Proof of Theorem snon0

Dummy variable x is distinct from all other variables.

Step	Hyp	Ref	Expression
1		elirr 4539	. . 3 |- -. A e. A
2		snidg 3621	. . . . . . 7 |- ( A e. V -> A e. { A } )
3	2	adantr 276	. . . . . 6 |- ( ( A e. V /\ { A } e. On ) -> A e. { A } )
4		ontr1 4388	. . . . . . 7 |- ( { A } e. On -> ( ( x e. A /\ A e. { A } ) -> x e. { A } ) )
5	4	adantl 277	. . . . . 6 |- ( ( A e. V /\ { A } e. On ) -> ( ( x e.
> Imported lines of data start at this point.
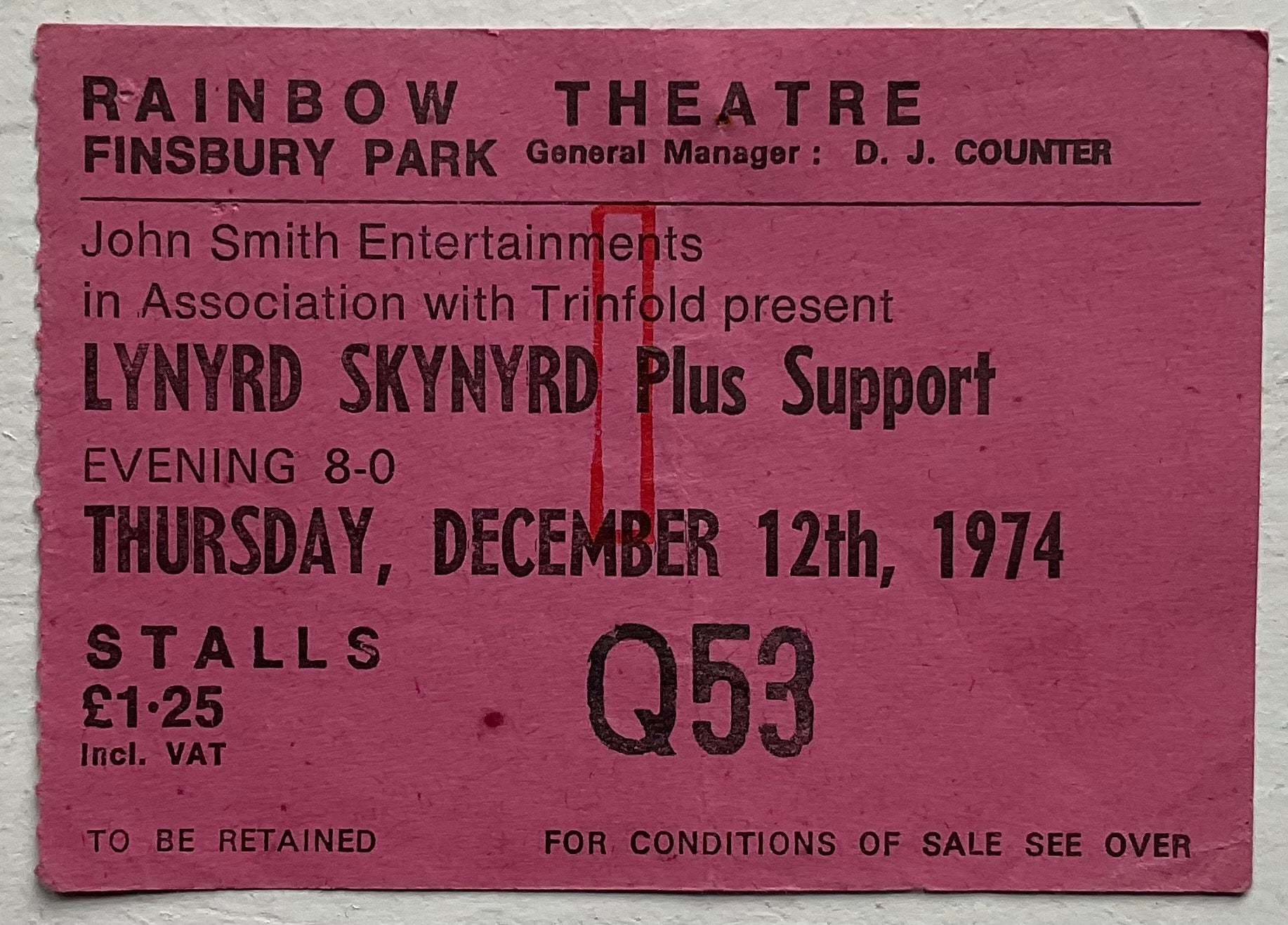 Lynyrd Skynyrd Original Used Concert Ticket Rainbow Theatre London 12th Dec 1974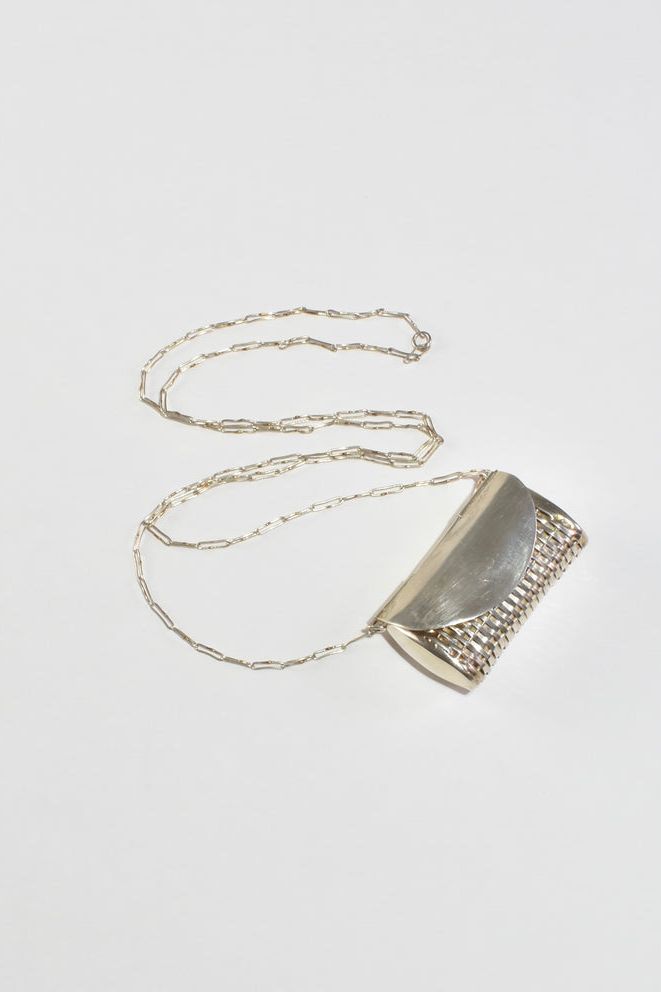 Sterling Basket Pendant Necklace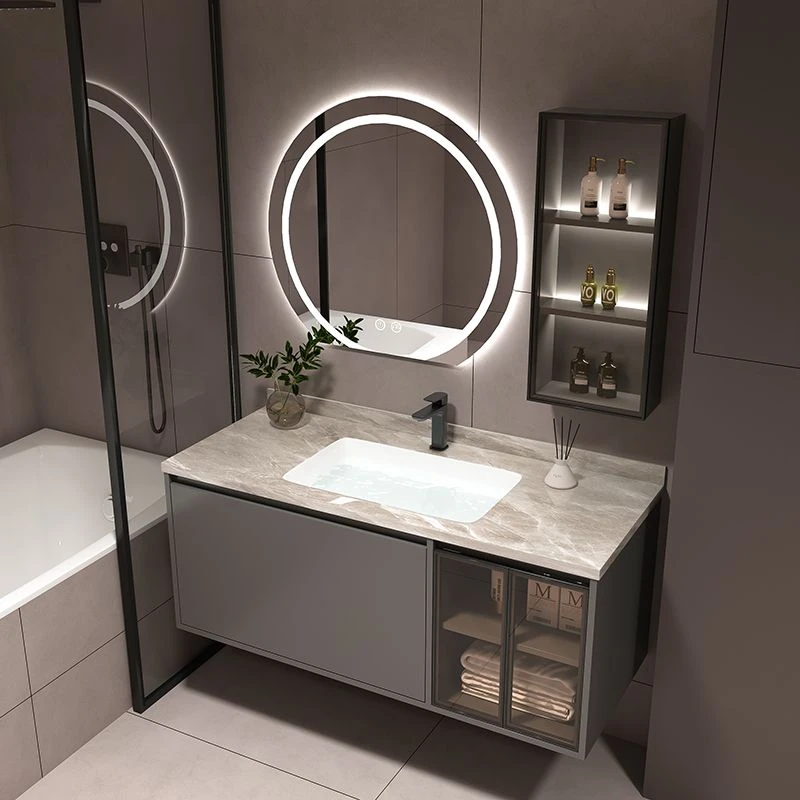 【多层实木材质】岩板无缝拼接浴室柜陶瓷一体盆洗脸台盆柜组合洗手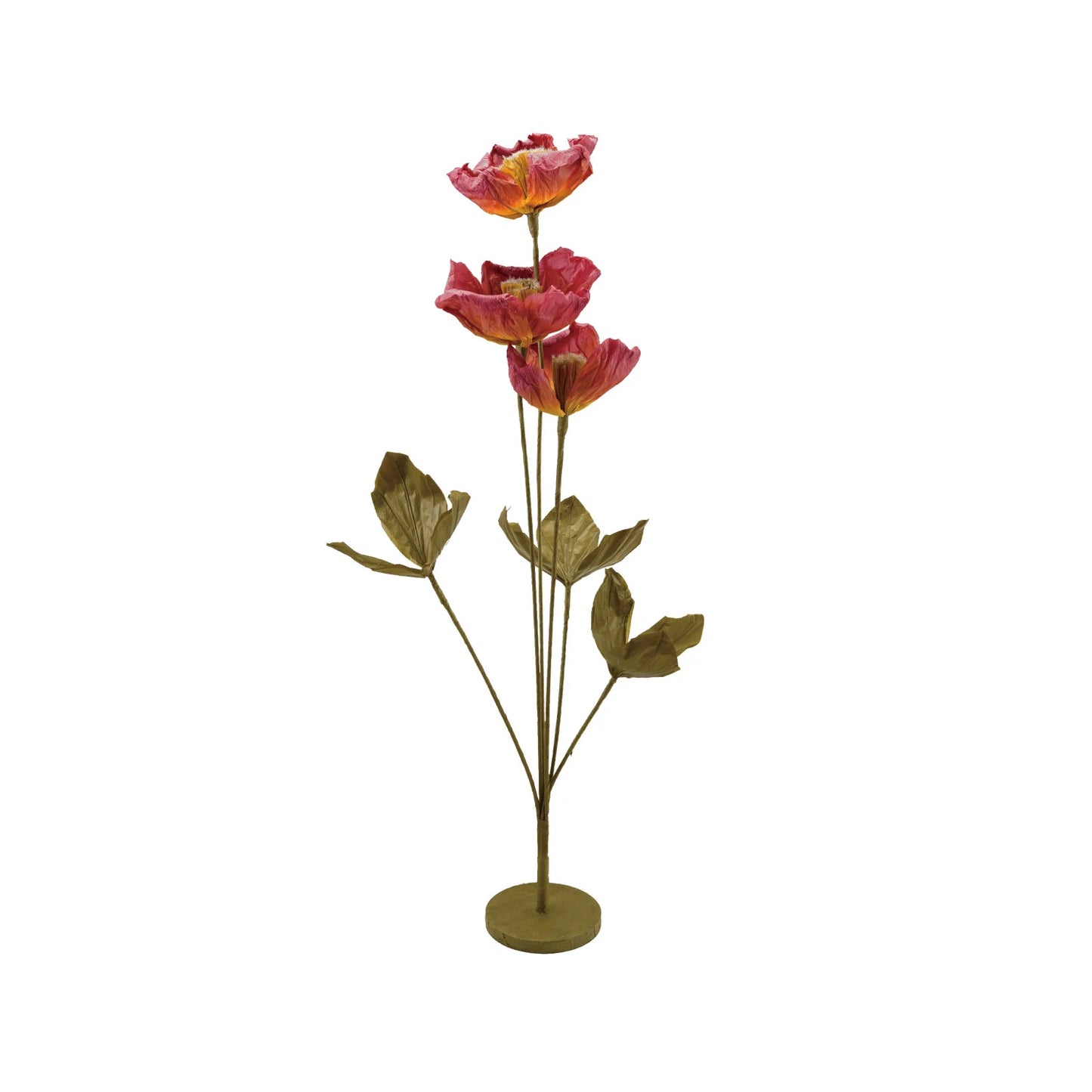 Green & Burgundy Paper Flowers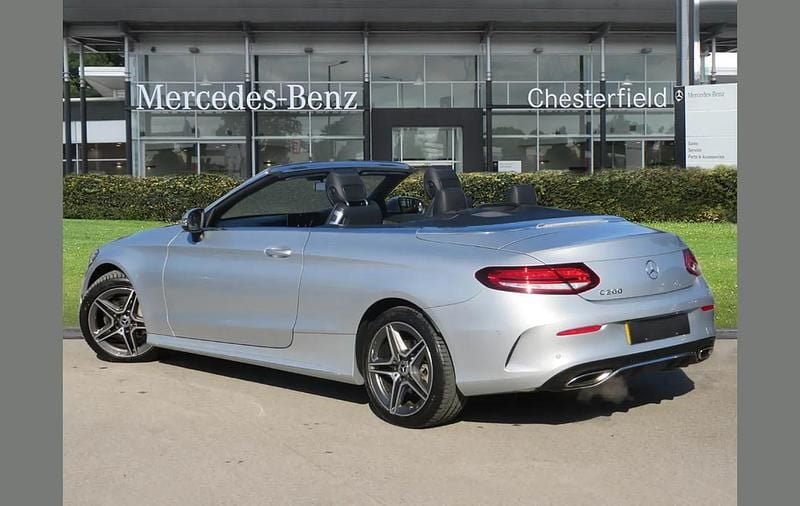 Used Mercedes C200 AMG line 180 HP (132 kW) 2019 Silver Cabriolet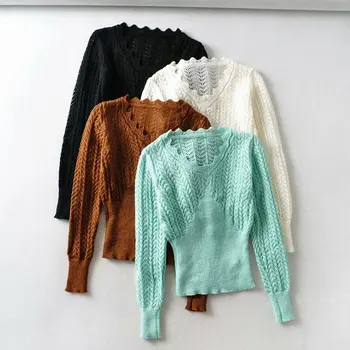 Ženski džemper, pulover povremeno čvrste dugi rukav V-neck, valoviti rub dres korejski ženski jesen Za crni plesti šik vrhovima kardigan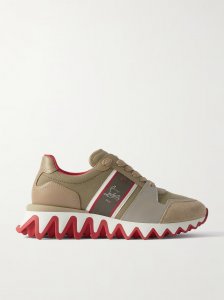 Nastroshark 40 embroidered grosgrain-trimmed suede, canvas and leather sneakers Nastroshark 40 embroidered grosgrain-trimmed suede, canvas and leather sneakers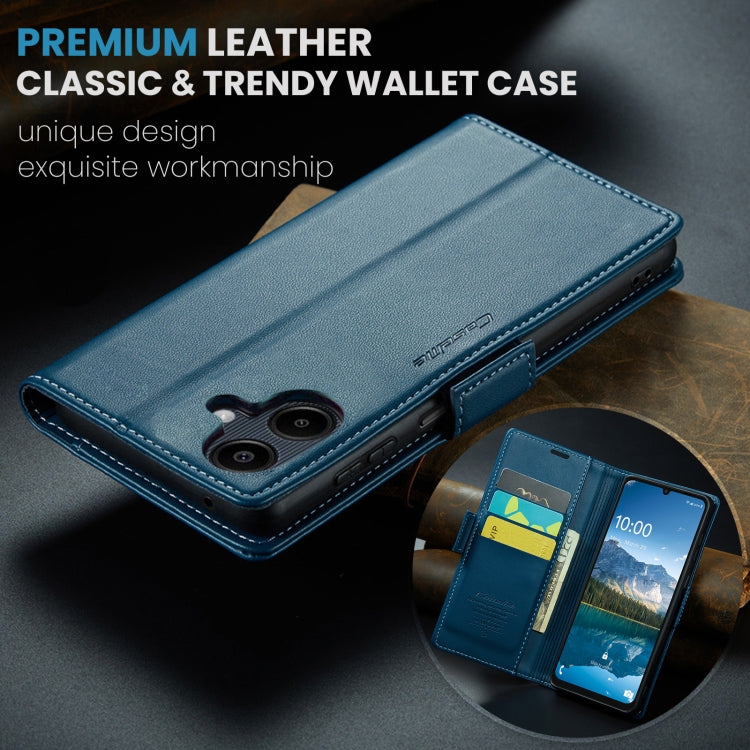 For Samsung Galaxy A07 / A06 CaseMe 023 Butterfly Buckle Litchi Texture RFID Anti-theft Leather Phone Case(Blue)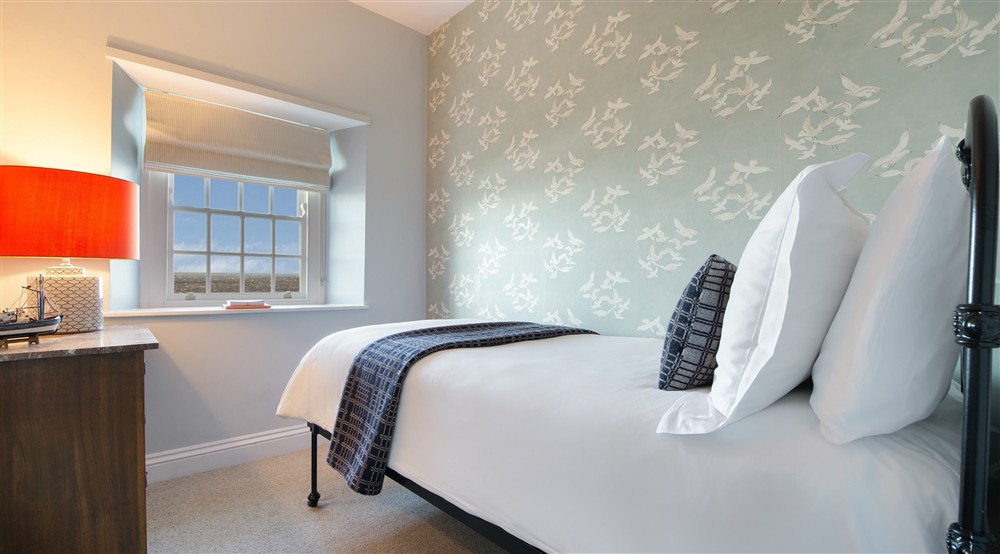 The single bedroom at Rhossili Old Rectory in Rhossili, South Wales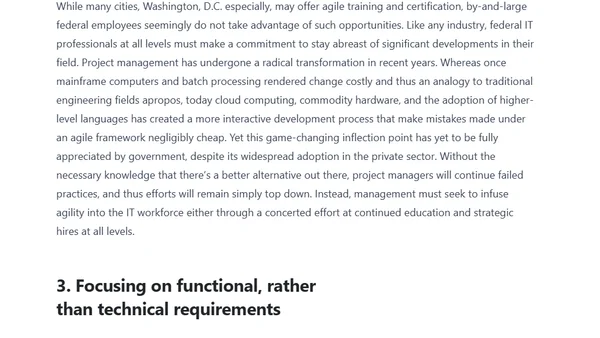 Federal Agility: a Cultural Solution to a Technical Problem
A /\ A e. { A } ) -> x e. { A } ) )
6	3, 5	mpan2d 428	. . . . 5 |- ( ( A e. V /\ { A } e. On ) -> ( x e. A -> x e. { A } ) )
7		elsni 3610	. . . . 5 |- ( x e. { A } -> x = A )
8	6, 7	syl6 33	. . . 4 |- ( ( A e. V /\ { A } e. On ) -> ( x e. A -> x = A ) )
9		eleq1 2240	. . . . 5 |- ( x = A -> ( x e. A <-> A e. A ) )
10	9	biimpcd 159	. . . 4 |- ( x e. A -> ( x = A -> A e. A ) )
11	8, 10	sylcom 28	. . 3 |- ( ( A e. V /\ { A } e. On ) -> ( x e. A -> A e. A ) )
12	1, 11	mtoi 664	. 2 |- ( ( A e. V /\ { A } e. On ) -> -. x e. A )
13	12	eq0rdv 3467	1 |- ( ( A e. V /\ { A } e. On ) -> A = (/) )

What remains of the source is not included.